The swollen Mississippi River was pushing downstream at 10 times the speed of the Niagara Falls Saturday.
The Mississippi River is pictured flooding parts of downtown St. Louis, Mo., Dec. 31, 2015. (Photo by Kate Munsch/Reuters)
The Mississippi River is pictured flooding parts of downtown St. Louis, Mo., Dec. 31, 2015. 

The swollen Mississippi River was pushing downstream at 10 times the speed of the Niagara Falls Saturday, threatening more floods in rural southern Missouri and Illinois.

Two more levees along its course succumbed Friday, bringing to at least 11 the number of levee failures. In Arnold, Missouri, an estimated 150 homes were underwater.

The worst of the dangerous, deadly winter flood is over in the St. Louis area, leaving residents of several water-logged communities to assess damage, clean up and figure out how to bounce back — or in some cases, where to live.

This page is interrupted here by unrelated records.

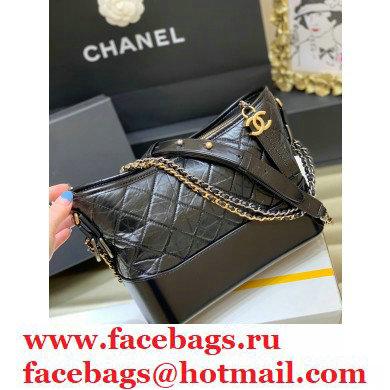 Chanel original quality Gabrielle hobo bag A91810 black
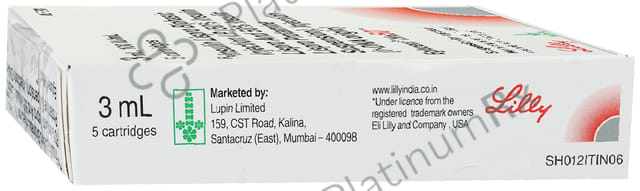 Eglucent Mix 50/50 (100 IU/ml) (1*3ml Refill Cartridge / Injection)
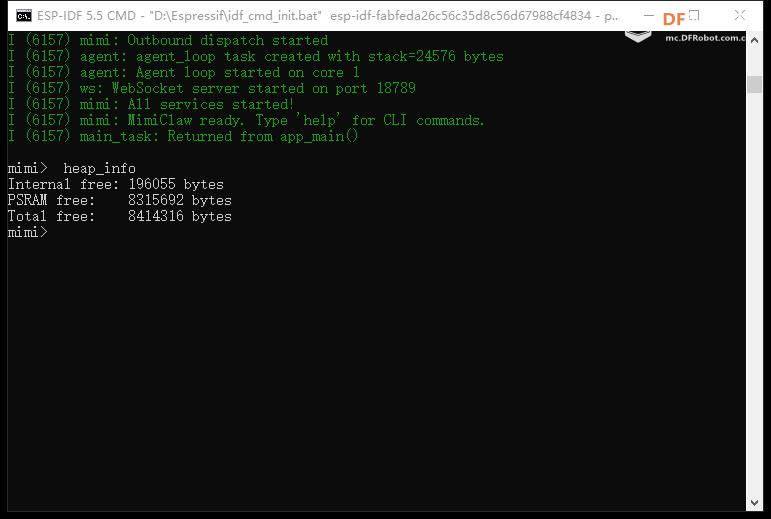 【花雕学编程】行空板K10实际测试嵌入式 AI Agent 命令...图1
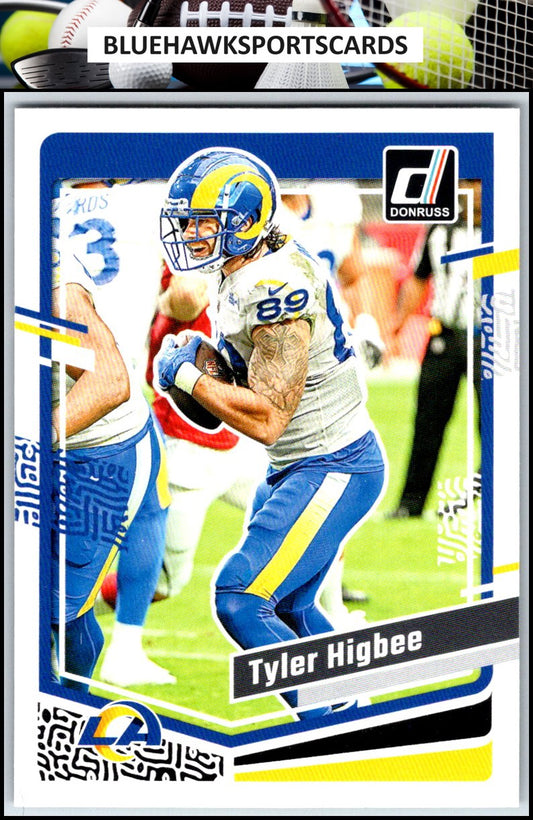 2023 Donruss #170 Tyler Higbee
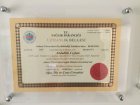 Dr. Dt. Abdullah Ceylan Diş Hekimi sertifikası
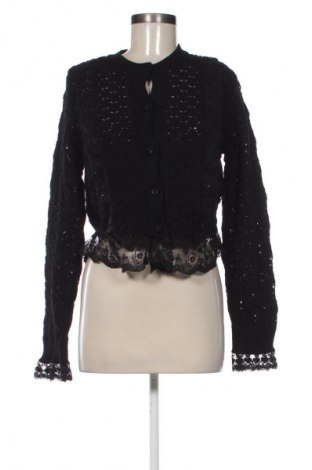 Damen Strickjacke Trendyol, Größe L, Farbe Schwarz, Preis € 19,48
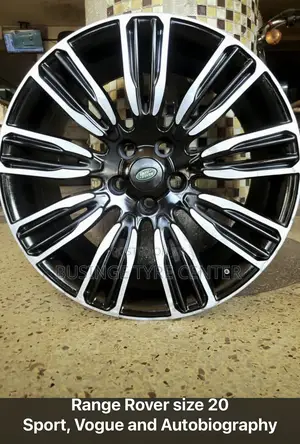 Range Rover Size 20 Sport, Vogue and Autobiography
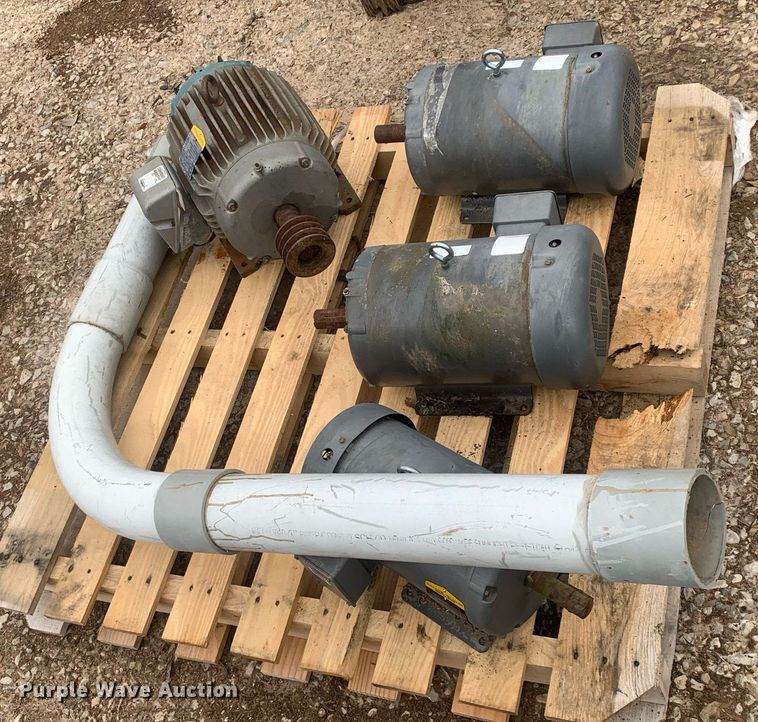 image for item LI9250 Approximately 35 pallets of grain dryer parts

The flood, fueled by more than 10 inches of rain over a three-day period that began last weekend, is blamed for 22 deaths. Searchers were still looking for five missing people — two teenagers in Illinois, two men in Missouri and a country music singer in Oklahoma.

"Our biggest concern is looking out for those who haven't evacuated," U.S. Coast Guard officer Nicholas Litchfield told NBC News.